3D Secure

The volume of internet trade is growing at a phenomenal rate; however some criminal elements are taking advantage of this growth to target websites with stolen card details. It is now more vital than ever for merchants to protect their businesses against this increased risk of fraud.

The role of 3D Secure

Internet transactions are classed as 'cardholder not present' (CNP) transactions. Until recently, there was no easy way to identify a cardholder and confirm that it was indeed the legitimate cardholder entering the card details.

A significant proportion of chargebacks can arise as a result of the cardholder denying that they authorised a transaction. It is traditionally very difficult to successfully appeal against this sort of chargeback. The 3D Secure technology is designed to reduce the possibility of fraudulent card use by authenticating the cardholder at the actual time of the transaction and subsequently reducing a merchant's exposure to disputed transactions and chargebacks of this type.

What is 3D Secure?

3D Secure stands for Three Domain Secure - the payment industry's internet authentication standard which has been developed by the major card associations. Visa has called their version of the scheme 'Verified by Visa' and MasterCard have called their equivalent initiative 'MasterCard SecureCode'. These are both collectively referred to as 3D Secure.

3D Secure authentication requires the cardholder to register their card to take advantage of this service. This is a one time process which takes place on the card issuer's website and involves the cardholder answering several security questions to which only the card issuer and cardholder will know the answer. The cardholder selects a password and agrees on a secret phrase, which will be used by the card issuer during each online transaction.

3D Secure can be thought of as an online version of 'Chip and Pin' technology, whereby the cardholder has a personalised password registered with their card that is entered during the checkout process.

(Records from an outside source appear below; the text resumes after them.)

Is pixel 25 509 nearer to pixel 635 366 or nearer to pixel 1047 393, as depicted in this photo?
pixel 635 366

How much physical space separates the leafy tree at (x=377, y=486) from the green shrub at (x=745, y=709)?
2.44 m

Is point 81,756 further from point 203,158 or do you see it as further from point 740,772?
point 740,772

How does 3D Secure work with PayFast?

3D Secure does not yet enjoy widespread use amongst online merchants and as such, there is still a lack of understanding about what it is and how it works. This lack of understanding can lead to customers failing to complete transactions due to being asked to enter their online pin for a credit card transaction.

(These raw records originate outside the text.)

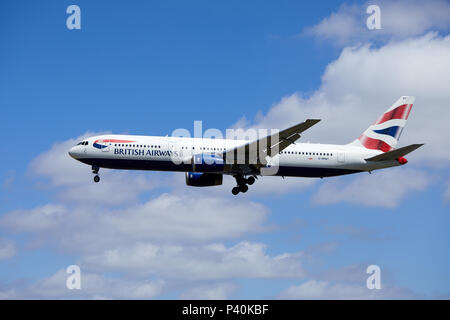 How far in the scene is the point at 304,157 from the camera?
5181 centimetres

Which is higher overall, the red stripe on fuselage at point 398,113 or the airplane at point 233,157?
the red stripe on fuselage at point 398,113

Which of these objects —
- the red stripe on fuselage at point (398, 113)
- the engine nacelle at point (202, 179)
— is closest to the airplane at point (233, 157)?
the engine nacelle at point (202, 179)

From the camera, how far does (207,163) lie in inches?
1919

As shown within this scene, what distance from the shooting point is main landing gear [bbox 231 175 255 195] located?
53.0 meters

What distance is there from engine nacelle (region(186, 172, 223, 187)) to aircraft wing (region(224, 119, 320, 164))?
4.49 metres

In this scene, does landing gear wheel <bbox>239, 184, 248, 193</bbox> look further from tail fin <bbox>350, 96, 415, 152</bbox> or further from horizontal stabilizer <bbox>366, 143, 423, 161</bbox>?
horizontal stabilizer <bbox>366, 143, 423, 161</bbox>

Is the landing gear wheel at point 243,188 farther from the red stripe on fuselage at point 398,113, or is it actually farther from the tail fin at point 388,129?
the red stripe on fuselage at point 398,113

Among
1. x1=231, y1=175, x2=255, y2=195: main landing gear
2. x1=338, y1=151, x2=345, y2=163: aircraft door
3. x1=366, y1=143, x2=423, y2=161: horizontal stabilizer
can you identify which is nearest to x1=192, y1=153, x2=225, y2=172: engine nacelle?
x1=231, y1=175, x2=255, y2=195: main landing gear

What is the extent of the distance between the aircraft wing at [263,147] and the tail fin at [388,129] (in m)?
9.87

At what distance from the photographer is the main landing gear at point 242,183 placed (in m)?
53.0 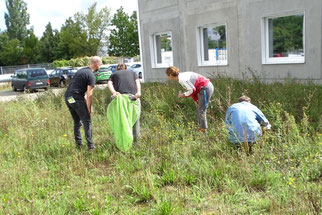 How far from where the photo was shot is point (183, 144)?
214 inches

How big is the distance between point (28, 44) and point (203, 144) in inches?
2227

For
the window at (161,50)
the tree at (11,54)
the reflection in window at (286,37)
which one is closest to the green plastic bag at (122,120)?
the reflection in window at (286,37)

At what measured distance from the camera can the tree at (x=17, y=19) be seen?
6694 centimetres

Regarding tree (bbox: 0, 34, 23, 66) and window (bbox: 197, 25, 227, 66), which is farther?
tree (bbox: 0, 34, 23, 66)

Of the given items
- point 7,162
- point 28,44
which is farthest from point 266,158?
point 28,44

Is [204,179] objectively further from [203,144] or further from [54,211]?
[54,211]

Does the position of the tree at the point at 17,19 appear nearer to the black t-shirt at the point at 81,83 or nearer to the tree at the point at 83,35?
the tree at the point at 83,35

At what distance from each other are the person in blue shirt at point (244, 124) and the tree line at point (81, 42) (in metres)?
42.8

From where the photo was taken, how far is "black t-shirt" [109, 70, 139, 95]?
6.10 m

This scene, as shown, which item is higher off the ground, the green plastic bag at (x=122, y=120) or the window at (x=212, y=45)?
the window at (x=212, y=45)

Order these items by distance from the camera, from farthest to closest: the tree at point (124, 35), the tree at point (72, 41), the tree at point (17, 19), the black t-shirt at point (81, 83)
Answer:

As such, PayFast has gone for a more measured approached with the implementation of 3D Secure where we don't require it for every transaction, but only when the transaction value is over a specified amount (or when there is a high risk of fraud as determined by our security systems).

As a receiver of payments funded by credit cards, you have control over this value and can set it according to your specific business needs.

What are the advantages of 3D Secure?

  • The key attraction to receivers of payments is that once a cardholder registered with the scheme has input their correct 3D Secure password during a transaction and this has been successfully authenticated (and providing that they are acting legally), the liability of a chargeback arising from the cardholder denying that they authorised the transaction, should shift from the receiver to the cardholder's issuing bank.
  • If a customer is not yet registered with the scheme, the fact that the transaction is checked by PayFast for 3D Secure compliance should give similar protection from the customer denying that they processed the transaction (providing the customer's bank is participating in the 3D Secure scheme).
  • Increased card holder confidence, leading to increased sales. Currently, around 50% of cardholders have not participated in an electronic transaction*. A huge potential market to unlock!
  • No additional fees.

* Source: MasterCard website

Are there any limitations of 3D Secure?

Ultimately, the risk of fraud lies with the end receiver the funds, but PayFast feels that it is vital that we provide you with the necessary tools to help you to protect your business and manage and reduce your exposure to fraud, chargebacks and their associated costs.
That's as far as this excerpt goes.